Taylor said the crosshairs in the image are superimposed on an empty space in the middle of the collage, not on anyone’s face — a decision they say was deliberate.

“It’s in between different portraits [so] it’s not threatening violence on a specific individual whatsoever,” they said, adding that such imagery is regularly found in “pop culture,” such as that used by the prominent hip-hop group Public Enemy. “What [the image] is saying is that these people are against the Swarthmore community. Their interests or investments are in opposition to what the public should stand for.”

The administration also zeroed in on another pamphlet, the full text of which reads: “If we wish to change anything, to agitate anything for Palestine, we must put our bodies on the line. The loss of the Hossam Shabat Liberated Zone was just the beginning of a new chapter of our struggle — one that will be necessarily more escalated, necessarily more violent.”

“Hossam Shabat Liberated Zone” refers to the protest encampment that was forcefully taken down last year. A student and a former student were arrested along with seven individuals unaffiliated with Swarthmore.

“It’s not advocating for people to make choices of violence, but rather accepting and understanding and being up-front that choices of peaceful resistance results in possible risk,” they said.

Another student, going by the pseudonym Alex, said college officials are misrepresenting the phrases by deliberately taking them out of context.

“It’s clear that they’re just trying to weaponize the language,” Alex said. “I think that their goal here is to censor students, to crack down on free speech.”

Free speech standards and the Code of Conduct

Craig Green, a law professor at Temple University and an expert on free speech, said the college administration seems to be  attempting to make the case that the literature had the potential to “incite violence.”

However, “the standard for inciting violence is very high under the Constitution,” he said. “The evidence that I have seen concerning Swarthmore is not close to that line.”

That legal standard was set in the 1969 U.S. Supreme Court decision in Brandenburg v. Ohio, in which justices said such language must be likely to incite “imminent lawless action.”

“People can say things that are very hostile and very mean, as everybody knows, and none of those things rise to level incitement to violence, even if some person who’s violent might cite that in committing some act of violence,” Green explained.

He said the fact that the crosshairs did not single out an individual would “almost certainly … be interpreted as a general statement of opposition” and that the idea of students “putting their bodies on the line” is a known concept among nonviolent activism employed by Mohandas Gandhi and Martin Luther King Jr.

Green said that the “one use of the word violence I think was probably the strongest argument that I could see that the college would have, but I think it’s not very close.”

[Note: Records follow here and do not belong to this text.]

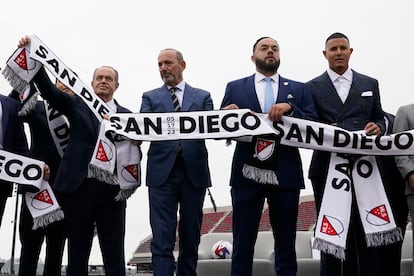 Don Garber (segundo a la izquierda), comisionado de la MLS, junto a los propietarios del nuevo equipo, en San Diego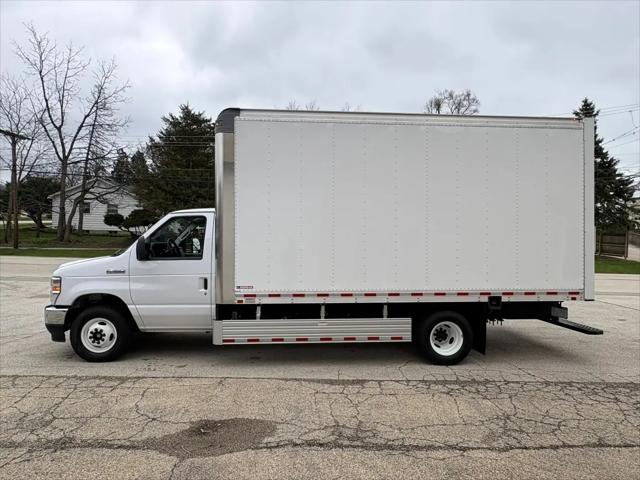2022 Ford E-350 Cutaway Base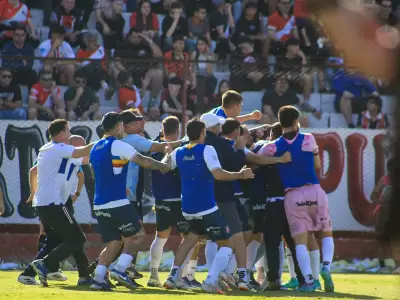 El festejo de los jugadores de Colegiales en el Omar H. Sperdutti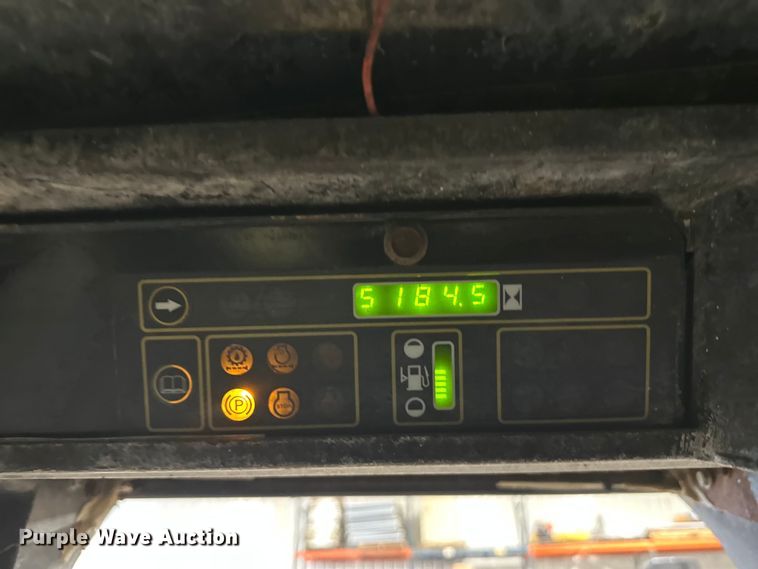 image for item FK1516 1995 New Holland LX885 skid steer loader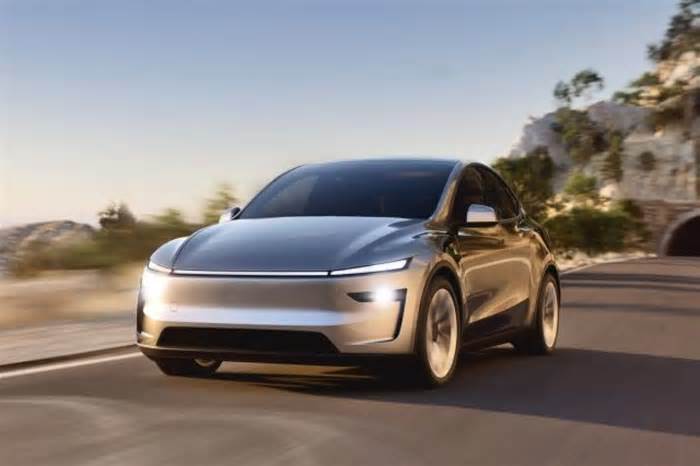 2025 Tesla Model Y “Juniper” starts at PHP 2.369M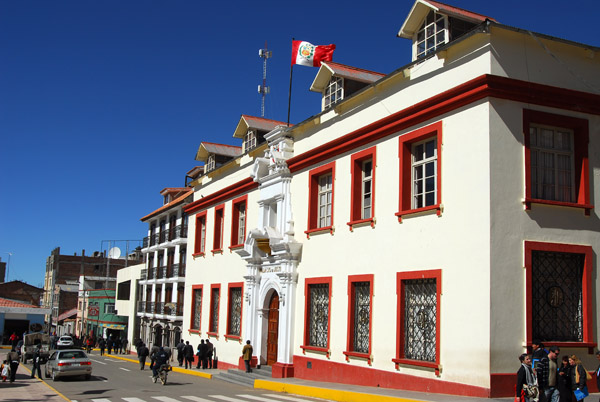 South side of the Plaza de Armas, Puno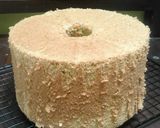 Foto langkah ke 8 dari resep Pandan Chiffon Cake.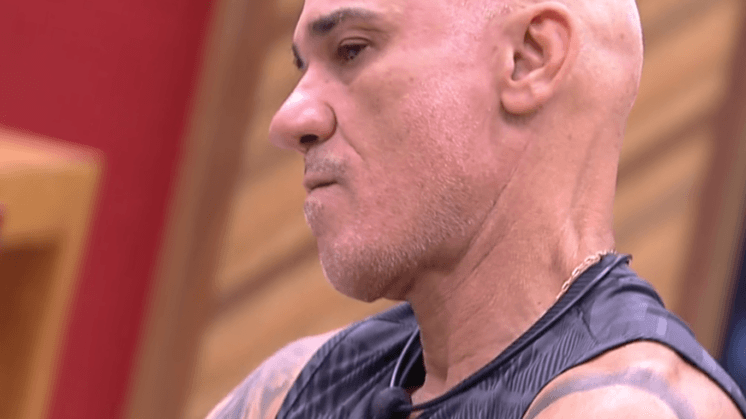 BBB18: Ayrton faz pergunta indiscreta para Mahmoud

The opinion in Brandenburg specifically prohibits “the state” — the federal or local government — from infringing on free speech rights. As a private institution, Swarthmore can implement its own code of conduct that limits speech on its campus.

While the letters viewed by WHYY News specifically accuse their recipients with distribution of the literature and cite the college’s Code of Conduct, a review of the code does not reveal a specific violation for the act of distribution.

However, a section titled “Bullying and Intimidation” clearly prohibits “any electronic, written, verbal, or physical act or a series of acts (which includes, but is not limited to, e-mail, text messaging, and internet posting on web-sites or other social media) that is intended to cause – or any reasonable person should know would cause – physical or substantial emotional harm to another person or group.”

The students questioned the idea that they could have been “bullying” or “intimidating” “powerful” board members.

The section “Endangerment or Infliction of Physical Harm” refers to “Physical restraint, contact, or any other act of violence or use of physical force against any member of the community,” which includes “conduct that approaches or threatens such contact, such as grabbing, kicking, smacking, shoving, or spitting.”

Green said that, from his reading, “it’s very difficult to see anything” in “Swarthmore’s private law” — as he referred to the Code of Conduct — that rises to the level of inciting violence, as well.

“I think it’ll be very hard for them to show that,” he said.

Some of the students were also charged with a “failure to comply” with prior “directives” sent to them by the school after earlier incidents of distributing materials and “unauthorized use of college resources and services,” ostensibly for printing the materials. That section of the conduct code specifically prohibits “excessive printing through College networks, systems and equipment in violation of the College’s acceptable use and allowable printing policies.”

Facing discipline at a school known for activism

Swarthmore has a long history as a haven for nonviolent activism, stemming back to its Quaker origins, a reputation it promulgates. That includes its students’ roles in the 1960s fight for civil rights and the push for gay rights in the 1980s. In the 2000s, the college engaged in its own shareholder activism to push private companies to bar discrimination based on sexual orientation.

Alex said that history was the reason they chose to attend Swarthmore.

“I already knew that social justice and organizing was something that was important to me,” they said. “So I thought that the school would be aligned with those core values. But I’ve quickly come to realize that that’s not the case and that they kind of just use any sort of past student activism or anything to present themselves as an institution which welcomes this, but in reality they aren’t.”

Hirsch explained that students can opt for an independent panel of community members to adjudicate their cases. That panel is made up of students, faculty and staff members.

“It is the panel that decides, based on the facts of a given incident, whether a student is responsible for alleged misconduct, and that panel — not, for example, a single dean — issues the sanction in those cases,” he wrote in an email.

Although the school considers the charges “major,” the students might receive only a written warning, Hirsch said, if the panel finds them “responsible.”

Green argues that Swarthmore could have gone a different approach altogether.

“I think that in the modern world of free speech, what is usually the solution to hostile, intimidating, threatening speech is for other people to stand up and say, this is not acceptable,” he said. “They could absolutely condemn any set of statements that the students have made within their own free speech rights.”